Article mis en ligne le vendredi 24 février 2012

http://www.internationalistes13.org...

En cette semaine du 21 février et de l’ouverture de la semaine contre le colonialisme, il est bon de rappeler que l’impérialisme français ne se manifeste pas seulement par ses interventions militaires ou le néo-colonialisme dans ses anciennes colonies. Il perpétue également une forme plus directe de domination dans ses dernières colonies du Pacifique, de l’Océan indien, des Caraïbes ou de l’Amérique du Sud. C’est ainsi qu’il espère maintenir ses Intérêts économiques et stratégiques, et l’illusion d’une « France forte », d’un Empire s’étendant sur les 5 continents.

Tous les moyens sont bons, la carotte parfois, mais plus souvent le bâton : violation du droit international, bases militaires, répression policière, justice aux ordres, mesures d’exceptions, le droit commun de la Métropole ne s’y applique pas intégralement. Mais la meilleure des armes, là-bas comme ici, c’est encore la division. Pour cela quoi de mieux que les mesures contre immigrés en général, les sans-papiers, en particulier, instaurées en France et en Europe. Surtout lorsqu’on peut se permettre d’aller encore plus loin en toute impunité et sans rappel à l’ordre de la part d’une justice coloniale aux ordres.

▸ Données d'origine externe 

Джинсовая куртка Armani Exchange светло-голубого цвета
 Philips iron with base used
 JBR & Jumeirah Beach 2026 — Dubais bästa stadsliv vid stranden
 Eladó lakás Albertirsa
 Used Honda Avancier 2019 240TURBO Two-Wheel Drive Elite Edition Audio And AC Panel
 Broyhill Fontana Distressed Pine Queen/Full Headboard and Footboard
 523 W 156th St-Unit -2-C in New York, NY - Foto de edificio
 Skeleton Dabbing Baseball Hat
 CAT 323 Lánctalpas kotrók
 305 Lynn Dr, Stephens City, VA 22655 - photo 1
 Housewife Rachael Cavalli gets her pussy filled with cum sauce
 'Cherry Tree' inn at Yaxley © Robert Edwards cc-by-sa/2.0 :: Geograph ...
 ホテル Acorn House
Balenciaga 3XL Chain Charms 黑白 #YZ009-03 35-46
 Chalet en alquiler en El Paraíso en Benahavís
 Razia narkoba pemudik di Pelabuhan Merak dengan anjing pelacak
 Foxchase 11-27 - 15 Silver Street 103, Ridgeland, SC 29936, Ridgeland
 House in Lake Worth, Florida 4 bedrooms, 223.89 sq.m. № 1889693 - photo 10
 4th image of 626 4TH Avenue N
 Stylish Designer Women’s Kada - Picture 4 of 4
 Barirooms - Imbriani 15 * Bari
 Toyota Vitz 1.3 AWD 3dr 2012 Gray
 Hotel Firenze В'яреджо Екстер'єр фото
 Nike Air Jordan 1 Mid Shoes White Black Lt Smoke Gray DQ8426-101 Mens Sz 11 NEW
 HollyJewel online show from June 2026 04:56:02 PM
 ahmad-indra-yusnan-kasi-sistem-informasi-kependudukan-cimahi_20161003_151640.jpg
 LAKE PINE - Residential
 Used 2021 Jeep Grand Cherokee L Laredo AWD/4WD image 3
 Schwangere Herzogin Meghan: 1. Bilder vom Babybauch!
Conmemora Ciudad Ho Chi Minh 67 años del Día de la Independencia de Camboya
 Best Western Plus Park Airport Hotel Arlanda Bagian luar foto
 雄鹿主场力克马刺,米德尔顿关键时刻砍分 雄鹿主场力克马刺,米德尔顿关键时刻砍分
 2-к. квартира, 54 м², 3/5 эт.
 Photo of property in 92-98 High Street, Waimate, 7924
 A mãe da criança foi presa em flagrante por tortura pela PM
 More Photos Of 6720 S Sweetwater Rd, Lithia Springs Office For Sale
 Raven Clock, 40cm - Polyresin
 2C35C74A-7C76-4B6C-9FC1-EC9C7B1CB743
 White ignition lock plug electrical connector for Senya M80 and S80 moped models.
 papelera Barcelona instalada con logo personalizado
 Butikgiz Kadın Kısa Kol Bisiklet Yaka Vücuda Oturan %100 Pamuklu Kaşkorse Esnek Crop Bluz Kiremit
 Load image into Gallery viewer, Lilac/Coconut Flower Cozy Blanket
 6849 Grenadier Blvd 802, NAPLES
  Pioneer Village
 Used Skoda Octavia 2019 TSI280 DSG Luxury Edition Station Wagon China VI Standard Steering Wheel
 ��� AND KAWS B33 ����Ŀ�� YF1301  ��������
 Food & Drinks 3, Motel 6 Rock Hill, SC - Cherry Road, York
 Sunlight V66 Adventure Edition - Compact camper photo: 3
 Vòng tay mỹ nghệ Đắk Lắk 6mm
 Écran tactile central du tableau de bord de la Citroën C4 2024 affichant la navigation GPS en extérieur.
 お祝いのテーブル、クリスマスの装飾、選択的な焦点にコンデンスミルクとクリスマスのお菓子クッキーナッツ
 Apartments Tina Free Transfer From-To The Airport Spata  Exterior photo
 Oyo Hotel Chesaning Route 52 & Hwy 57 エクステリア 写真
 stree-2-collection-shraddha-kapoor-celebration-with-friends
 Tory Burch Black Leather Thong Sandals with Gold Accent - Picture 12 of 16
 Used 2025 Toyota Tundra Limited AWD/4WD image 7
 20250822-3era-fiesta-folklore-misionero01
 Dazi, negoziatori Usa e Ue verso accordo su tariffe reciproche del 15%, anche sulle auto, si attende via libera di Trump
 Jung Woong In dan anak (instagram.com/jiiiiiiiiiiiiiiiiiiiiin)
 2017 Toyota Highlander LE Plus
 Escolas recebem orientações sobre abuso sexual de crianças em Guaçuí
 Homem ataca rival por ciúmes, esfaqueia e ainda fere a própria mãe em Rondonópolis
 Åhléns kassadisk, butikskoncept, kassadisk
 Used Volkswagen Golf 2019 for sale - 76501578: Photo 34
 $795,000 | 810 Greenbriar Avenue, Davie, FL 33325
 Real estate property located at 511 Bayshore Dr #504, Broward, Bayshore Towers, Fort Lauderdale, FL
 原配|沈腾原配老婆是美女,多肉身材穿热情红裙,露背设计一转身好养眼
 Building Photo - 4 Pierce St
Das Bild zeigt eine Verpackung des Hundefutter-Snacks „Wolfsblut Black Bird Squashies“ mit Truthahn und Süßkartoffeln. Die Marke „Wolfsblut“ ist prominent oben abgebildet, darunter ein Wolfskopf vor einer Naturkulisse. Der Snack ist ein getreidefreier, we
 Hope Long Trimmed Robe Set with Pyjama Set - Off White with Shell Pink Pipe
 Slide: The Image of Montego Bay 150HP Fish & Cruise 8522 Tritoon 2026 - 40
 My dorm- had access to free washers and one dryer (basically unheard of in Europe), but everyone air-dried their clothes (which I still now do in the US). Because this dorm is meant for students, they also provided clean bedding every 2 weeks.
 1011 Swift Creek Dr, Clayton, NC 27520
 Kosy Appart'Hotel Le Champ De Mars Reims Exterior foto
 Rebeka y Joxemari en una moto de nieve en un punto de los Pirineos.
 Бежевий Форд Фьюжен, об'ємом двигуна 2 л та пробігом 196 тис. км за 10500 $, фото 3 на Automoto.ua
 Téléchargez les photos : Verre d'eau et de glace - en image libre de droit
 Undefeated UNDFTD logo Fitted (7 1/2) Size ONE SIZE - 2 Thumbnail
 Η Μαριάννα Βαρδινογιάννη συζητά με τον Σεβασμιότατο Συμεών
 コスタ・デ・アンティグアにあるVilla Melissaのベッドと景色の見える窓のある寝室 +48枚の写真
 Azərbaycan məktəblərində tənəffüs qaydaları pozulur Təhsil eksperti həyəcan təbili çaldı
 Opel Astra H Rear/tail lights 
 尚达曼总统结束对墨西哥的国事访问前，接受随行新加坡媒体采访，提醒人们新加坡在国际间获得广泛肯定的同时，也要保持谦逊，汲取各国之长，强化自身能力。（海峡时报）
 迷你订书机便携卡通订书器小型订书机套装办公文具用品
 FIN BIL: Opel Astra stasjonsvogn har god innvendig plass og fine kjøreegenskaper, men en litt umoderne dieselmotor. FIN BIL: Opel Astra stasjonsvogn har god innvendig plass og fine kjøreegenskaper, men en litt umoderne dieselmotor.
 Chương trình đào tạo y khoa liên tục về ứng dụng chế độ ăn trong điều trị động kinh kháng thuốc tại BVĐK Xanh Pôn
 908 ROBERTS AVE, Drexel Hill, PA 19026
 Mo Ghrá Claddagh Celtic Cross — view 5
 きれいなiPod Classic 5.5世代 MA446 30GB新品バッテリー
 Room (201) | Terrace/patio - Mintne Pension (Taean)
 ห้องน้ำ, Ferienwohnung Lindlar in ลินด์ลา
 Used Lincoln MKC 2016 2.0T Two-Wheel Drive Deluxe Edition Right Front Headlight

En Guyane, par exemple, les autorités françaises tentent d’accréditer l’idée que les conditions de vie, la sécurité, de la population guyanaise seraient directement menacées par l’arrivée en masse de clandestins venus profité des "avantages" dont bénéficie cette population directement issue de la colonisation (créoles, noirs marrons descendants d’esclaves révoltés, survivants du bagne, métropolitains, H’mongs du Laos « importés » en 1977, en tout près de 80 origines différentes). Le peuple premier quant à lui, les Amérindiens, auxquels on refuse les droits à la propriété collective de leurs terres sur lesquelles ils étaient autrefois souverains, ne représente plus que 4% de la population.

Pour distiller la peur le gouvernement français manipule les chiffres en mélangeant allègrement sans-papiers, étrangers en situation régulière, français d’origine étrangère.

La France a mis en place dans ce département une législation d’exception locale particulièrement complexe : contrôles d’identités, inspection des véhicules, barrages routiers, destruction des bateaux transportant des étrangers en situation irrégulière et enfin, la possibilité d’expulser un étranger qui a contesté l’expulsion au tribunal administratif avant même que le tribunal ait statué. La Guyane peut ainsi se "vanter" d’expulser plus que tout autre département (exception faite de Mayotte), environ 9 000 expulsions par an contre 29 000 pour toute la métropole, une progression de 77,85 % entre 2004 et 2010.

Mais c’est à Mayotte, où la France maintient une base navale importante lui permettant de participer au contrôle du trafic dans le Canal de Mozambique et l’Océan indien, que cette politique atteint des sommets depuis l’instauration du visa Balladur en 1995. Ainsi, les Comoriens non originaires de Mayotte sont devenus des immigrés clandestins, objets d’expéditions punitives, de rafles, suivies d’expulsions abusives et au mieux taillables et corvéables à merci. La poursuite en mer des kwassa kwassa, ces barques légères transportant celles et ceux qui tentent de venir ou de revenir vers Mayotte, est directement responsable de la mort de plus de 10 000 personnes. C’est la conséquence de l’occupation illégale par la France, depuis 1974, de Mayotte, devenu en 2011 un département français, en violation du droit international et des résolutions de l’ONU. Dans cette île d’environ 200 000 habitants, en 2010 plus de 26 000 « clandestins » dont près de 6 000 enfants, ont été expulsés, soit presque autant que pour la métropole (29 000) avec une augmentation de 137,57 % depuis 2004 ! Le Préfet y dispose de pouvoirs exceptionnels notamment celui de renvoyer en métropole tout fonctionnaire récalcitrant c’est ce que viennent de vérifier le porte-parole local du SNES et le représentant de RESF.

Mais cela n’a qu’un temps. Le mouvement social sans précédent qu’ a connu Mayotte cet automne a rapproché les Mahorais et les « sans-papiers » comoriens tous unis contre la misère et le mépris.